In the 1700s, horses were often as wild as the West itself. Early cowboys mounted mustangs (descended from stock introduced by the Spanish) and had to “break” them of bucking off riders. Sometimes a horse was too wild for the average cowboy to train; so, a bronc buster would come in and take on the challenge. With time, this developed into friendly competitions between neighbors.

As Westward expansion boomed in the 1800s, so too did the cattle industry. This was the golden age of the cowboy, as many a cowhand was needed to drive cattle to the nearest eastbound train. (The first rails did not reach Texas until 1853 and Montana until 1880.) At the trail’s end, cowboys would often celebrate with informal tournaments between outfits, each competing for the honor of their brand in contests of riding and roping.

As the century progressed, riding and roping competitions caught on more broadly, gradually appearing at race tracks, fairgrounds, and festivals across the country.

In 1882, William Frederick Cody, aka Buffalo Bill, organized the first major rodeo and Wild West show in North Platte, Nebraska. This phenomenon exploded in popularity as the century— and the Open Range Era—came to a close. With the invention of barbed wire in 1873, expansion of the railroads, and the blow dealt to the cattle industry
following the harsh winter of ’86-’87, a demand for cowhands dwindled. Those unable to find work in agriculture often put their skills to use as entertainers in a traveling “Western” show.

Even those who did find work riding for a brand were often in need of supplemental income, which could be earned through “cowboy competitions.” Unlike earlier contests, these competitions took place at annual stock shows, in front of paying spectators. The prize pool generated at these events attracted talent far and wide, which, in turn, enticed more visitors to attend. Ultimately, communities hosting these competitions benefitted financially from the influx of both participants and viewers. This economic boost made it in everyone’s best interest to promote the local “rodeo,” as the gatherings came to be called. For many towns (as is true today), the rodeo was the biggest event of the year.

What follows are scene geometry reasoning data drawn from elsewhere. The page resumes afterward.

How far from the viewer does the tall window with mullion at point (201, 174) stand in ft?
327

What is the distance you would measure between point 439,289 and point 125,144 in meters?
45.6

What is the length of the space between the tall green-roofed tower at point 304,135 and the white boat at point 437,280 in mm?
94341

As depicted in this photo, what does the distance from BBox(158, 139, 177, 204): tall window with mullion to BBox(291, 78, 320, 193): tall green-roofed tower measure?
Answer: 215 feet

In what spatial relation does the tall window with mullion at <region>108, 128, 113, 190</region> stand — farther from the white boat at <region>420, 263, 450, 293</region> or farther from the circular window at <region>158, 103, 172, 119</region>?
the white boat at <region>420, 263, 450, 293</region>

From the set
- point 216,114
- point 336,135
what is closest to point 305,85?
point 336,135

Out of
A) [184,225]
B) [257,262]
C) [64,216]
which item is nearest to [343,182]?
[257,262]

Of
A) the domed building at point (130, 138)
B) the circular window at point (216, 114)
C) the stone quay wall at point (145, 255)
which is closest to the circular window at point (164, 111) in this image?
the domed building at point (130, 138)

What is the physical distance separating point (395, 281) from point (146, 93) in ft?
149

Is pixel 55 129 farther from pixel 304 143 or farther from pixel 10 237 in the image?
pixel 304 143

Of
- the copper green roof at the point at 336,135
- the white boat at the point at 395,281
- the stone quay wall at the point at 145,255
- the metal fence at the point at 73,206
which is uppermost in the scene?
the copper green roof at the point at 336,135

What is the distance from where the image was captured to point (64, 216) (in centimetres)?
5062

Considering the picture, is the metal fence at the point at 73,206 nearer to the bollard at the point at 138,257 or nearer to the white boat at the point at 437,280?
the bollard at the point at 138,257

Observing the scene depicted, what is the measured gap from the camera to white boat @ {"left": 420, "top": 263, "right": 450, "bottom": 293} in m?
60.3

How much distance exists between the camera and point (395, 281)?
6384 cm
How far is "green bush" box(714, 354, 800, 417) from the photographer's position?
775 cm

In the 1900s, Wild West shows faded into obscurity, becoming too cost-prohibitive to produce; however, the appeal of the West was as strong as ever, evidenced by the growing popularity of rodeos across the United States. In 1929, representatives from some of the nation’s largest rodeos founded the Rodeo Association of America, creating a standard set of rules for determining champions.

Though the wild frontier is no longer, its spirit remains in the rodeo arena, where determination, grit, and a little luck still make or break a cowboy.